_Exercise goal_:
Only the lines in the entries below from the line with "Doll_Loren Live XXX-Chat" to the line with "Hotel Agos Boracay Rooms + Beds", both included, belong in the answer, transcribed exactly and without pictures.

_Record set_:
# # #

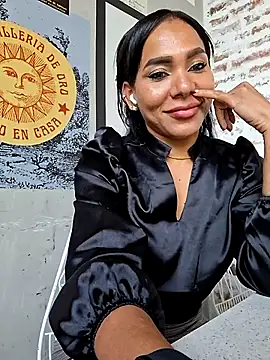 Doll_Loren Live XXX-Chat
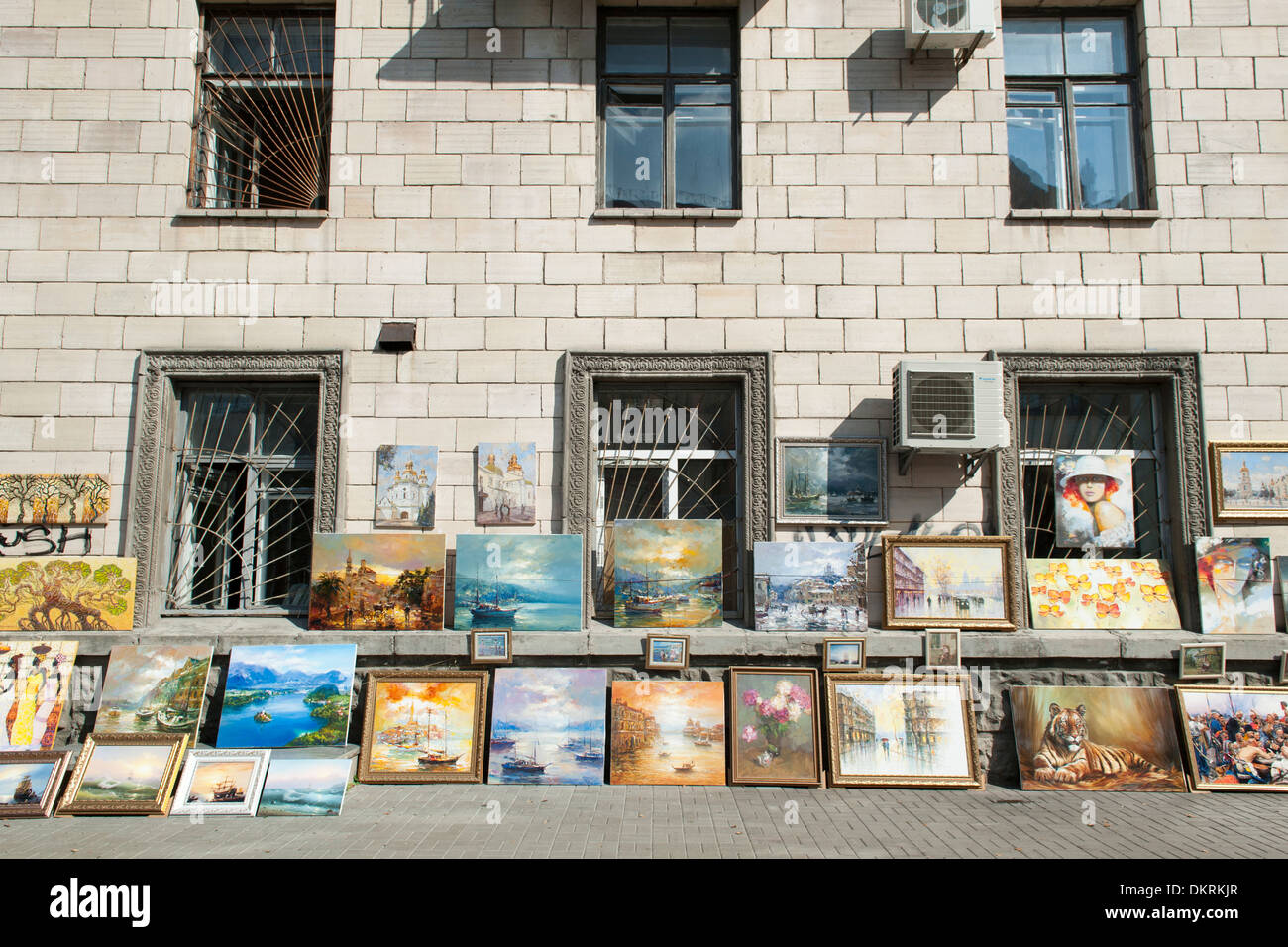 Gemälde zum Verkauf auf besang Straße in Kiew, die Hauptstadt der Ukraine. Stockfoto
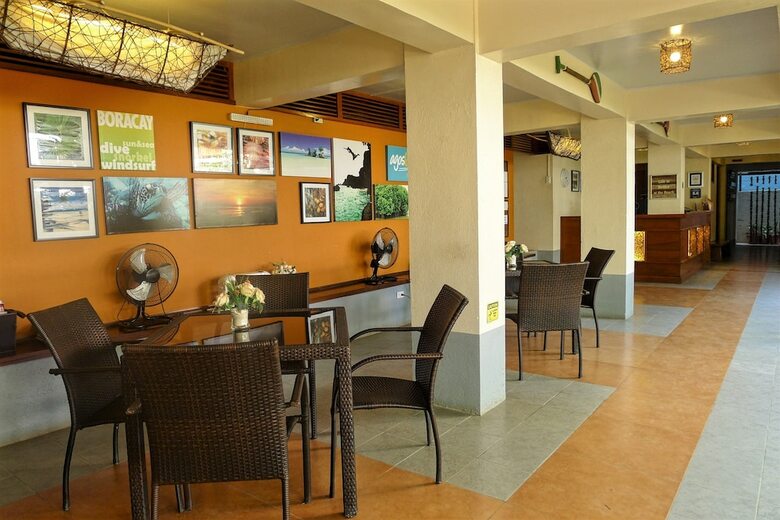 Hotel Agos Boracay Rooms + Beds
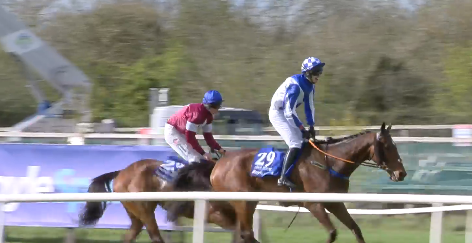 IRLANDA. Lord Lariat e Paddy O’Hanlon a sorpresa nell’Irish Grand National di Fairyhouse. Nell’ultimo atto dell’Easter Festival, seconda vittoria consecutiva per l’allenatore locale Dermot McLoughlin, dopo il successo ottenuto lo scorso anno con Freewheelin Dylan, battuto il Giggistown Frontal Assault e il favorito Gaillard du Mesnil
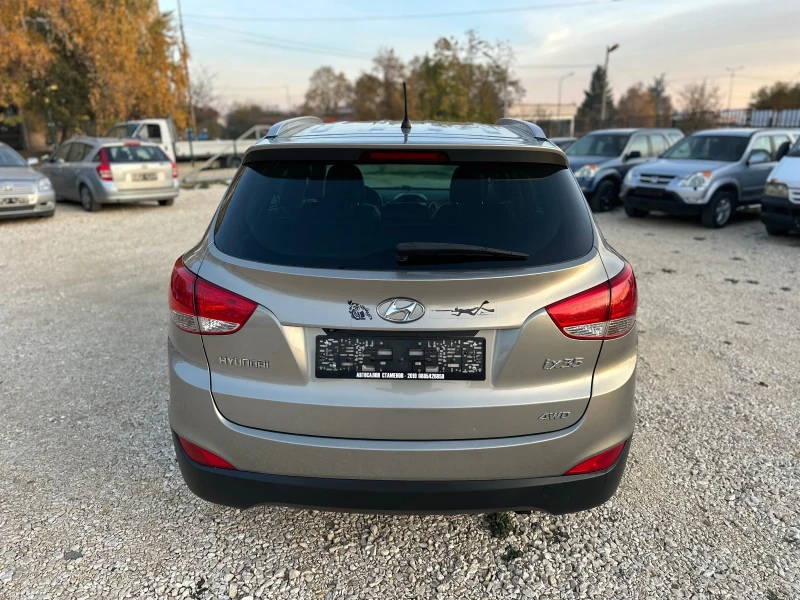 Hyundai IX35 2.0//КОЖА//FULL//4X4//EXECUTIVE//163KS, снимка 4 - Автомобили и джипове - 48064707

# # #

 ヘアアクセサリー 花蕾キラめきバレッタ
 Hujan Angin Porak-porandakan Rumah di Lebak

# # #

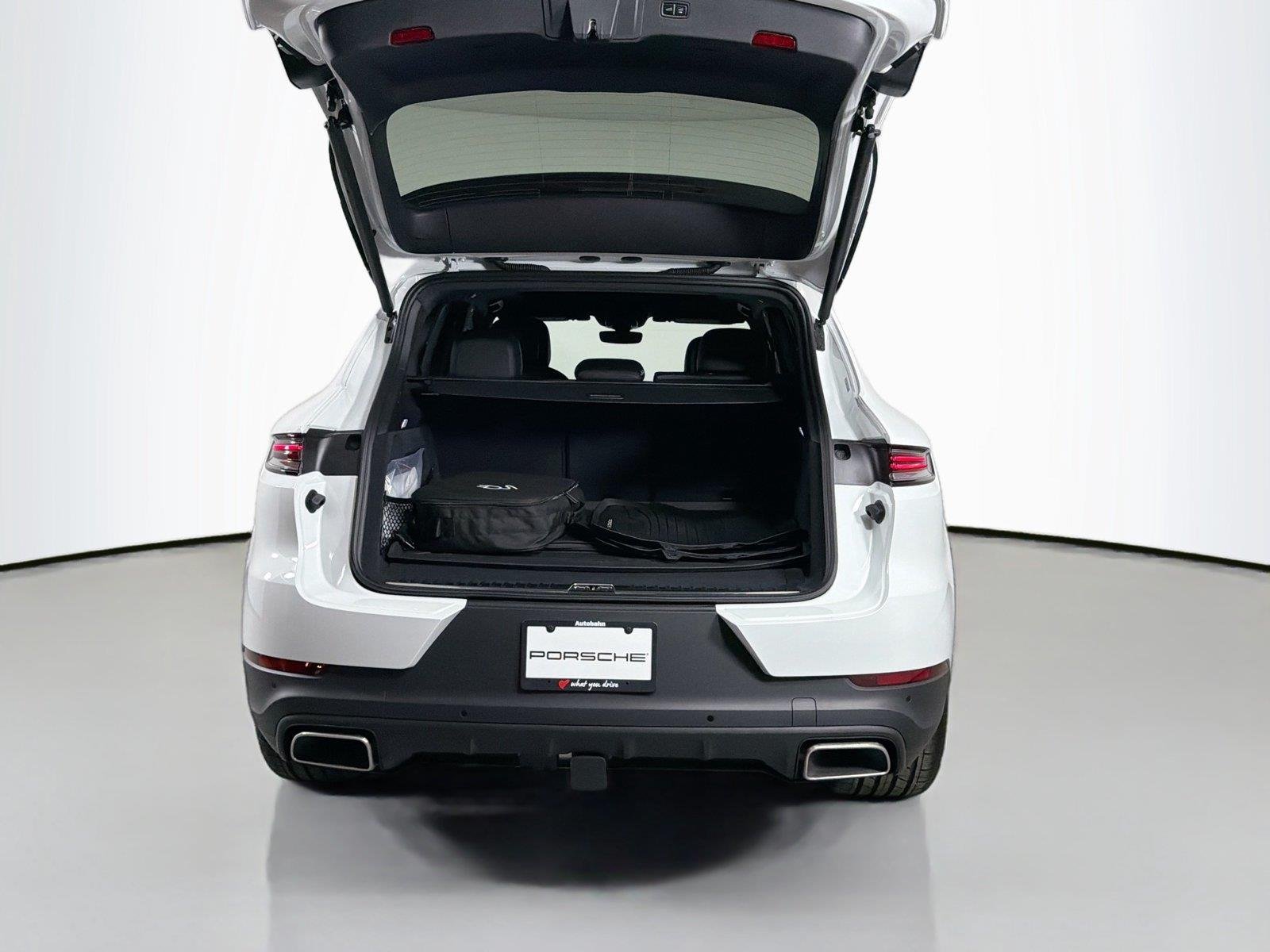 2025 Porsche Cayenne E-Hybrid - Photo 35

# # #

_Reply_:
 Doll_Loren Live XXX-Chat
 Gemälde zum Verkauf auf besang Straße in Kiew, die Hauptstadt der Ukraine. Stockfoto
 Hotel Agos Boracay Rooms + Beds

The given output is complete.